Peripheral blood samples were drawn at the following time points: 1–3 days prior to operation (T1), second hour (T2), first (T3) and third day (T4) after the operation, respectively. All samples were placed on ice and centrifuged at 3500 rpm for 5 min. The plasma was frozen and stored at − 80 °C. Preoperative and postoperative samples were drawn to assess plasma D-dimer levels by the central laboratory of our hospital. Plasma PAI-1, TAT and F1 + 2 levels were measured by enzyme linked immunosorbent assay (ELISA) using the Human PAI1 ELISA Kit (Abcam Inc, Toronto, ON, Canada), Human Thrombin-Antithrombin Complex ELISA Kit (Abcam Inc, Toronto, ON, Canada) and Human Prothrombin Fragment 1 + 2 ELISA Kit (Novus Biologicals, CO, USA), respectively.

Diagnosis of VTE and Follow - up

All patients received ultrasound examination of the lower extremity blood vessels 3-5 days and 2 weeks after surgery by one radiologist. If an occurrence of DVT was confirmed by ultrasound examination or pulmonary embolism (PE) symptoms (including chest pain, unexplained loss of consciousness, sharp decrease of blood pressure or oxygen saturation) manifested, the patient received a CT pulmonary angiography (CTPA) to further determine the diagnosis of PE. Patients with DVT or PE were treated according to the treatment routine of our hospital, including consultation of relevant departments, antithrombin therapy and imaging reexamination.

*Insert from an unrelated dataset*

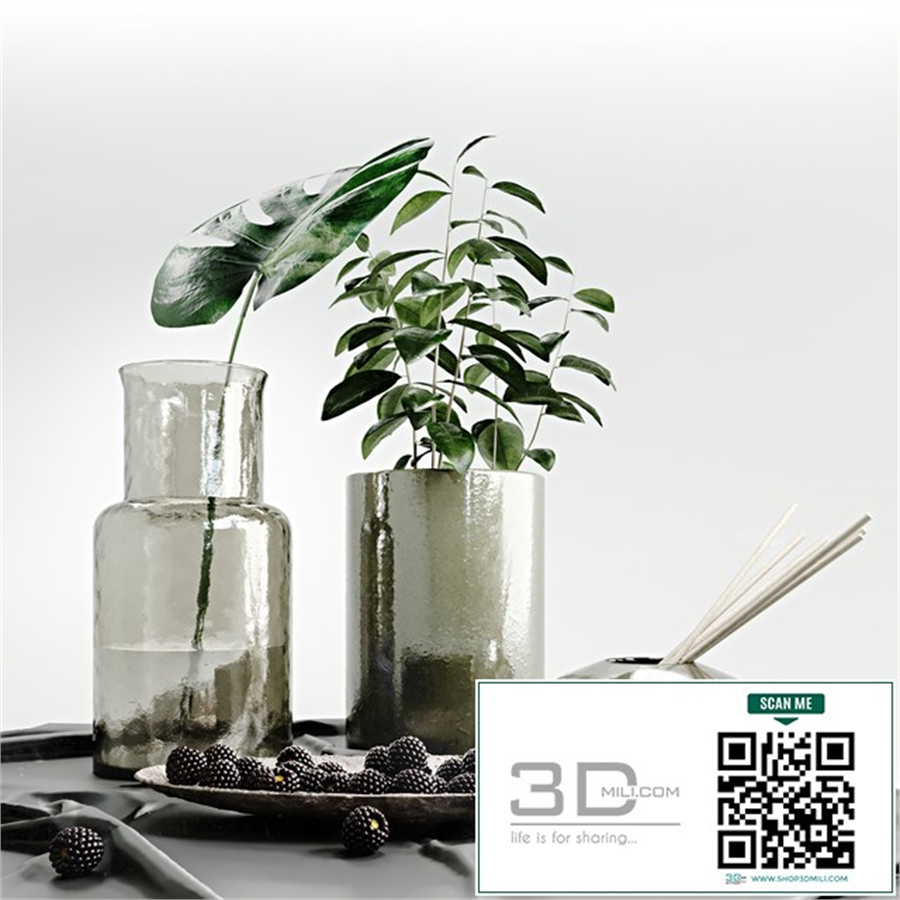 Decorative set 002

Patients were invited to the outpatient clinic 2 weeks and 1, 2 and 3 months after the operation to assess and record the complications.

Statistical Analysis

The statistical analysis was performed by using SPSS V.25.0 software and Medcalc V.15.0 software. The continuous variables were summarized using mean ± standard deviation (SD), categorical variables were summarized using frequency (percentage). Normality of data was tested by the Kolmogorov-Smirnov test. The mean values of D-dimer, PAI-1, TAT, and F1 + 2 plasma levels of time point were calculated for patients with and without VTE (VTE + group vs VTE– group). Between-group comparisons were performed using the Student t test. For dichotomous variables, the chi-square test was used. Results were deemed significant with p <0.05. For evaluation of plasma D-dimer, PAI-1, TAT, and F1 + 2 level discrimination points, a receiver–operating characteristic curve (ROC) analysis was conducted and the cutoff value was determined according to the maximization of the Youden index (J). Sensitivity, specificity, positive and negative predictive values (PPV and NPV), and positive and negative likelihood ratios (LR + and LR–) were also calculated. Pairwise comparison of ROC curves was also performed to evaluate the diagnostic value of those markers.

Results

A total of 255 consecutive patients met the primary inclusion criteria, one patient declined to participate (n = 1) and 2 patients were excluded from the study because of other reasons (n = 2). Two hundred fifty-two patients were enrolled and signed the informed consent.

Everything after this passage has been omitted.